Wednesday, February 13, 2008

Defisit APBN Dan Busung Lapar


ANALISA KWIK KIAN GIE

Defisit APBN Dan Busung Lapar



MENTERI Keuangan me­nya­ta­kan bahwa pemerintah In­do­ne­sia tidak akan minta potongan utang, karena tidak mempunyai ala­san untuk itu. Ukuran yang di­gu­nakannya adalah defisit ang­garan. Kalau defisit dalam APBN tahun 2006 hanya 0,7 per­sen dari PDB, menurutnya, In­do­nesia bukan negara miskin yang berhak minta potongan utang.

Karena yang dipakai sebagai ala­san teknis adalah angka-ang­ka, dan tidak ditinjau dari ke­cu­ku­pan gizi bagian terbesar rak­yat Indonesia—miskin atau ti­dak, maka saya akan me­nge­mu­ka­kan tiga cara untuk melihat ba­gaimana kondisi keuangan ne­­gara, seperti yang tampak pa­da Tabel 1, Tabel 2 dan Tabel 3.

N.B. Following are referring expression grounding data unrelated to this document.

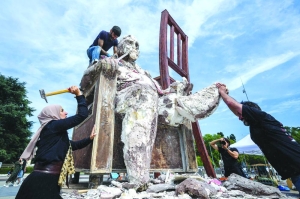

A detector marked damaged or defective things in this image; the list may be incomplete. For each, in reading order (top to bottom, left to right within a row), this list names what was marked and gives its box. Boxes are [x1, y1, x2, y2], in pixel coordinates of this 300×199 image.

damaged statue [79, 34, 220, 188]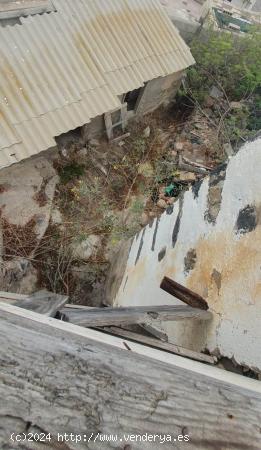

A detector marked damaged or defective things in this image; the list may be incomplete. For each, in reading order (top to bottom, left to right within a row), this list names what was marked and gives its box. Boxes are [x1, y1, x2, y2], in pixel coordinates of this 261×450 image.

damaged facade [0, 0, 193, 169]
damaged facade [108, 137, 261, 372]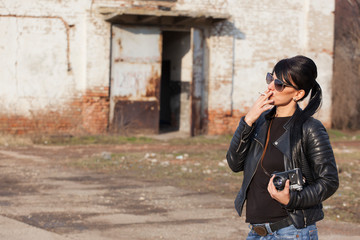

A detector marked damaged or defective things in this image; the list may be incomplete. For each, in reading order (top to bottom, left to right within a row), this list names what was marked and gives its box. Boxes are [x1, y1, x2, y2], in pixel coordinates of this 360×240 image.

rusty metal door [109, 25, 161, 135]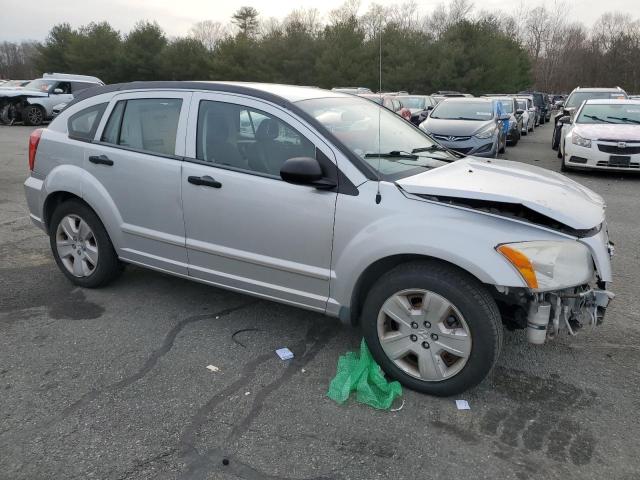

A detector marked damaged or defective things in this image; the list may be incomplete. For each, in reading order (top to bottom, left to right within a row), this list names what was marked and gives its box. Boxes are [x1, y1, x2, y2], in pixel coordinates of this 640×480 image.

damaged front end [496, 284, 616, 344]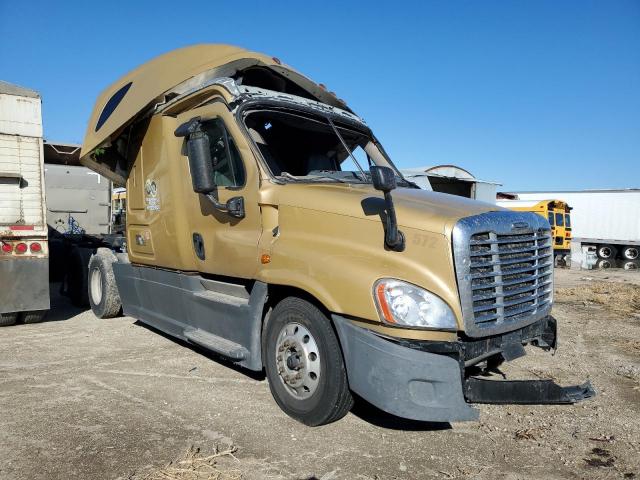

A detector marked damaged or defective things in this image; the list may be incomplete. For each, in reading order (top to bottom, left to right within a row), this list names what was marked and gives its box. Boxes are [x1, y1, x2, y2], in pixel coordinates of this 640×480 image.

damaged semi truck [80, 44, 596, 424]
damaged front bumper [332, 316, 596, 424]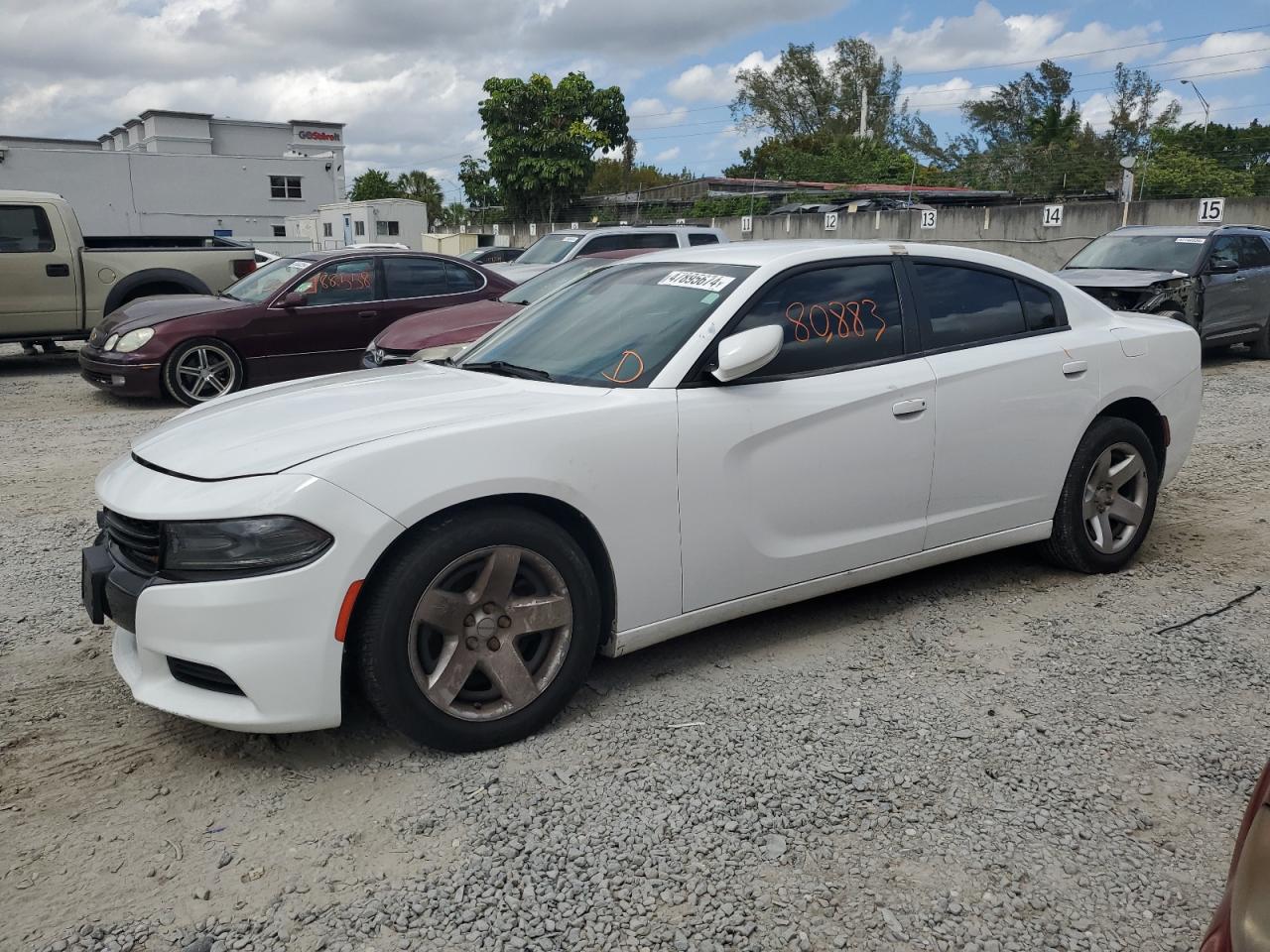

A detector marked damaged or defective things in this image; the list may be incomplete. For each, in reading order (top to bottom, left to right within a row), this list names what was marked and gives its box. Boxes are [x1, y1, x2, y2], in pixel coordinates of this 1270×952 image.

Tabel 1 ialah ikhtisar dari format APBN resmi. Defisitnya seb­­esar Rp 22,4308 triliun, yang me­mang 0,74 persen dari PDB se­besar Rp 3.040.771,8 triliun.

Tabel 2 persis Tabel 1. Dalam ta­be­l ini cicilan utang pokok se­besar Rp 63.594,6 triliun dan pe­ngeluaran uang sebesar Rp 350 miliar sebagai penyertaan mo­dal pemerintah di­pandang sebagai ele­men yang mem­be­ba­ni keuangan negara, se­hingga dihitung se­bagai komponen de­fisit. Kalau ini yang di­lakukan, defisit APBN menjadi Rp 86,3754 triliun atau 2,84 persen dari PDB.

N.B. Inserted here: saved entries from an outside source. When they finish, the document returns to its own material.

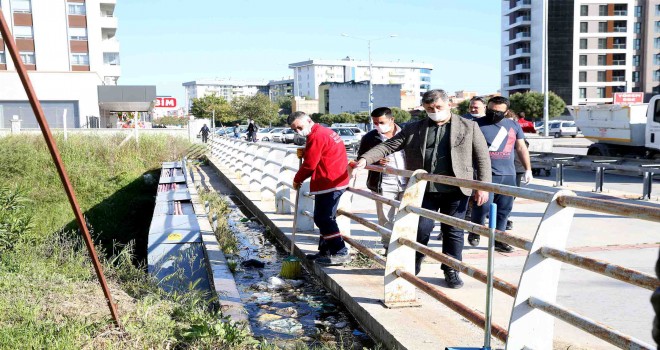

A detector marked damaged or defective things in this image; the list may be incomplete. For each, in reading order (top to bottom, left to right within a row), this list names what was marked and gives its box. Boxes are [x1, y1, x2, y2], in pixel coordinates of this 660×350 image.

leaning rusty pole [0, 10, 121, 328]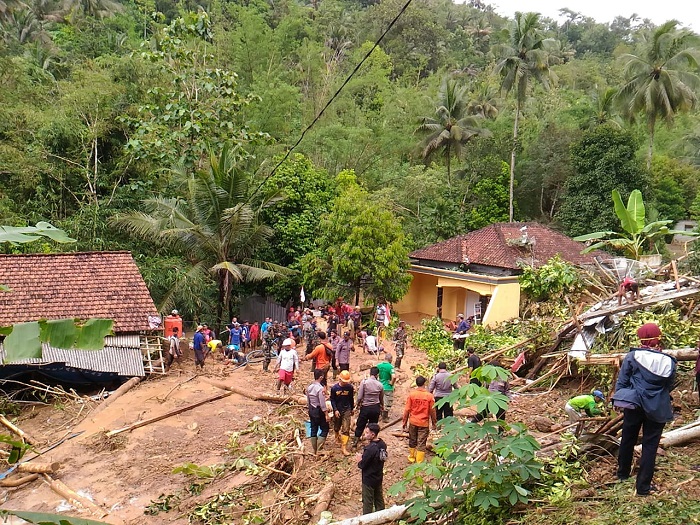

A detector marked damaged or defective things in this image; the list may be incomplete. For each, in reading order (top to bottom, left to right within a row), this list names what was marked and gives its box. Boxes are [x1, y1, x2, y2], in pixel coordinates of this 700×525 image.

damaged roof structure [0, 252, 159, 382]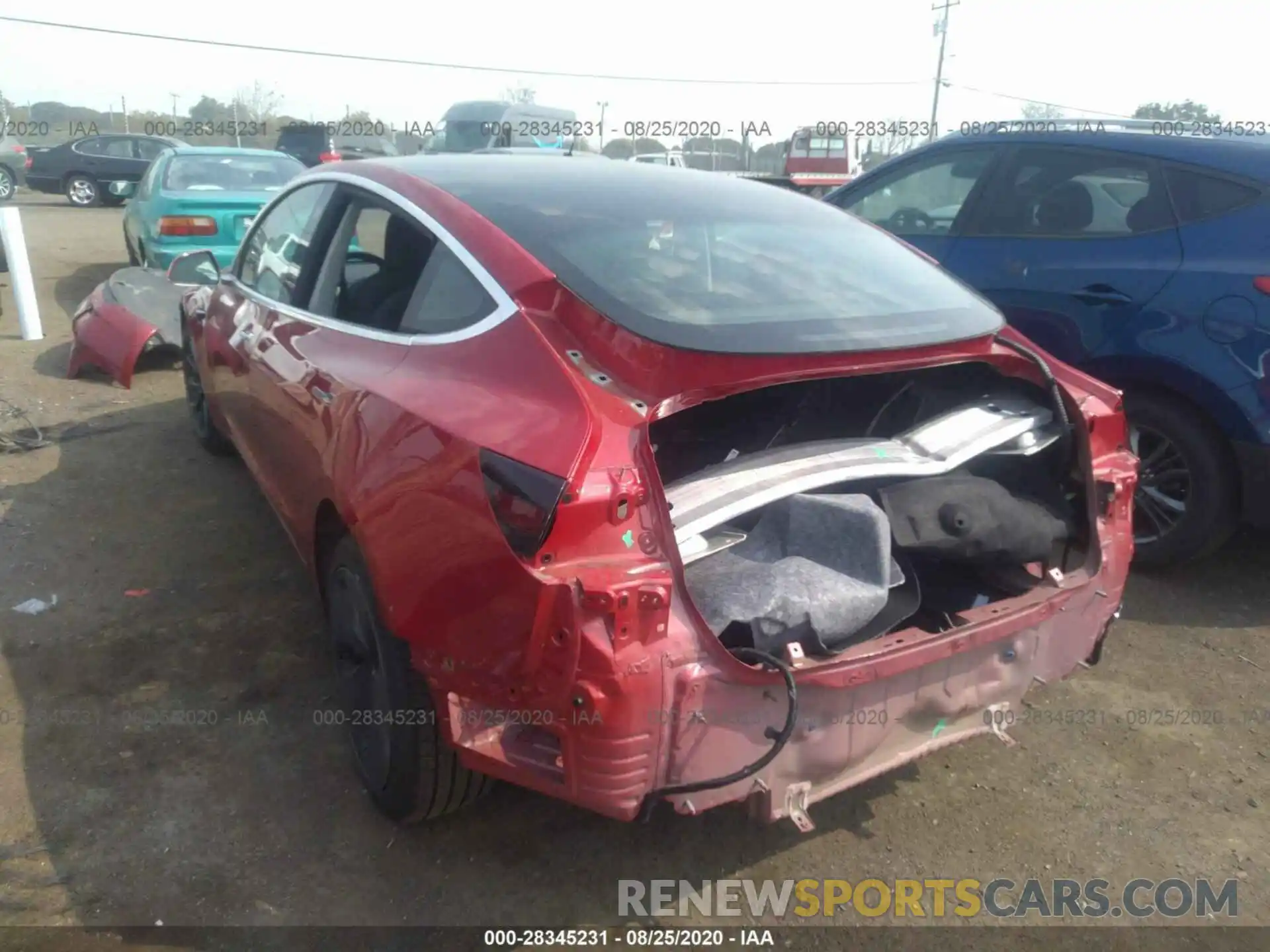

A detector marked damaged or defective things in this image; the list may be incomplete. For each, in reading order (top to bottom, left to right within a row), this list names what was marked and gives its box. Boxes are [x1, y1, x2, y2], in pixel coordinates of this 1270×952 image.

crumpled rear fender [67, 294, 162, 391]
damaged red tesla sedan [174, 155, 1138, 827]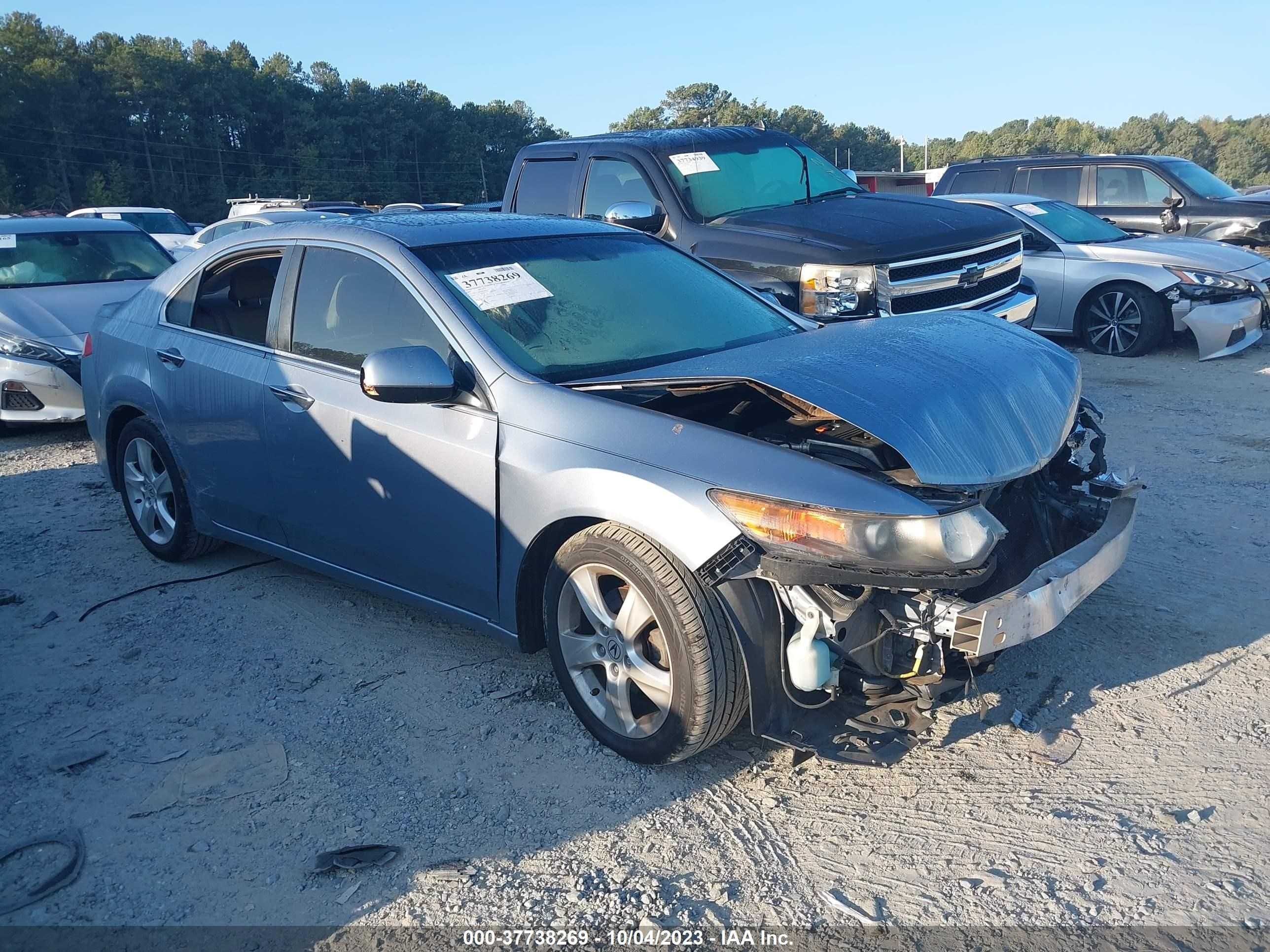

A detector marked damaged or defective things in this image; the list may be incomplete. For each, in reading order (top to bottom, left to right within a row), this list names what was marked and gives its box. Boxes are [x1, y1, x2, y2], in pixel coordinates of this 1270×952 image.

damaged front grille area [879, 237, 1026, 314]
crumpled front bumper [1173, 297, 1265, 360]
crumpled front bumper [0, 355, 85, 424]
damaged silver sedan [87, 214, 1143, 766]
crumpled front bumper [924, 495, 1143, 660]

Tabel 3 ialah cara me­nyusun angka-anga yang per­sis sama, tetapi tanpa defisit sa­ma sekali. Cara ini dipakai oleh Tim Ekonomi selama Pre­si­den Soeharto berkuasa.

Jadi sebetulnya tidak ada satu ke­be­naran dalam hal pe­nyu­su­nan APBN. Melainkan ada be­be­rapa, dan itu tergantung apa tu­juan pembuatan anggaran itu. Nah, untuk kondisi Indonesia de­wasa ini, manakah yang pa­ling baik; apakah menyusun APBN seperti Tabel 1, Tabel 2 atau Tabel 3? Terserah pembaca.

Tabel 1 disusun berdasarkan atu­ran yang ditentukan Inter­na­tio­nal Monetary Fund (IMF) dan harus berlaku untuk In­do­nesia. Pemerintah dan DPR memang su­dah mematuhinya, ka­rena cara pandang se­perti ini telah men­jadi UU APBN 2006 yang merupakan ke­se­pakatan bersama an­tara pemerintah dan DPR.

Tetapi bu­kan berarti pihak lain yang me­miliki cara pan­dang dalam pe­nyu­su­nan ABPN tidak boleh ber­suara, dan mena­warkan de­re­tan angka yang sama dengan for­mat penyu­sunan yang lain.

Bagaimanapun juga para eko­nom dari “Berkeley Mafia” se­pan­jang 32 tahun lamanya me­nyusun APBN dengan for­mat Ta­bel 3 yang selalu berimbang!

Hal di atas berkaitan dengan how to lie with figures. Bukan ha­nya dalam bidang statistik orang mengatakan how to lie with statistics, tetapi juga dalam bidang penyusunan APBN.

Sekarang tentang perut. Per­ta­nyaan saya hanya sederhana, ba­dan yang kekurangan gizi, perut yang busung lapar, anak-anak yang mati kelaparan, ibu yang membakar anaknya sendiri, ru­mah-rumah perawatan orang sa­kit jiwa yang melonjak peng­hu­ninya antara 100 persen sampai 300 persen apakah tidak perlu di­perhitungkan? Itu saja per­ta­nyaan saya. Terima kasih para pembaca dan para anggota DPR yang terhormat.